Task details: Retrieve every line of the data holding the word "that".

Entries shown:

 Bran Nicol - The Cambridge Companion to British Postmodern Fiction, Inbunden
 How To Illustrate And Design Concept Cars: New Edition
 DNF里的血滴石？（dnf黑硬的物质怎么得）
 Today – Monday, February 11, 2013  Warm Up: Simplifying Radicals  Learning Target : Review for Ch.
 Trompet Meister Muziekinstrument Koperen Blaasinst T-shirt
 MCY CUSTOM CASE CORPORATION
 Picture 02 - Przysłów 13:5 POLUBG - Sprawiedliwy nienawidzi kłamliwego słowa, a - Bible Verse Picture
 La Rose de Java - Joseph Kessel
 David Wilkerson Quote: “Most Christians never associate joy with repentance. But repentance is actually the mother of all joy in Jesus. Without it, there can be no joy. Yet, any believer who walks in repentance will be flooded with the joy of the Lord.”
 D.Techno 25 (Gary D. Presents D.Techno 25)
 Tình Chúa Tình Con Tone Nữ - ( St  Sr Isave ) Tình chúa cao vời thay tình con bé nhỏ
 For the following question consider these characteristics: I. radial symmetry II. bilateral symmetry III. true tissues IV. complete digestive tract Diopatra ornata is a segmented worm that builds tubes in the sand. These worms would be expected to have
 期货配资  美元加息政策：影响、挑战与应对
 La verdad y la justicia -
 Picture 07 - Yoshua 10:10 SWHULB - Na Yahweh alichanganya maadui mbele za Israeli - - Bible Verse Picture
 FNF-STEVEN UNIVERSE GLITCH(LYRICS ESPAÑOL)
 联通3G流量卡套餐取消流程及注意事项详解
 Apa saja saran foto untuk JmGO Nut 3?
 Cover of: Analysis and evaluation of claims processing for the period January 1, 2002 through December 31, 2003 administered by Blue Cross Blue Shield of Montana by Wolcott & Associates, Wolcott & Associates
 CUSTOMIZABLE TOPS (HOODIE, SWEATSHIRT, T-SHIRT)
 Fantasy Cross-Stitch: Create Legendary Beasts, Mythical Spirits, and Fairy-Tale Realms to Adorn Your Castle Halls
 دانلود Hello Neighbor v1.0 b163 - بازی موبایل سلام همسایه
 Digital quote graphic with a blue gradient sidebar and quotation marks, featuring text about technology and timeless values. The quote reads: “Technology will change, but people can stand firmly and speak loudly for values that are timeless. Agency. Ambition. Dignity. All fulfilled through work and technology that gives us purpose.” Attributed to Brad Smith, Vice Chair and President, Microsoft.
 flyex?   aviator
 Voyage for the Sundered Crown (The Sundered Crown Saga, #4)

Response:
 For the following question consider these characteristics: I. radial symmetry II. bilateral symmetry III. true tissues IV. complete digestive tract Diopatra ornata is a segmented worm that builds tubes in the sand. These worms would be expected to have
 Digital quote graphic with a blue gradient sidebar and quotation marks, featuring text about technology and timeless values. The quote reads: “Technology will change, but people can stand firmly and speak loudly for values that are timeless. Agency. Ambition. Dignity. All fulfilled through work and technology that gives us purpose.” Attributed to Brad Smith, Vice Chair and President, Microsoft.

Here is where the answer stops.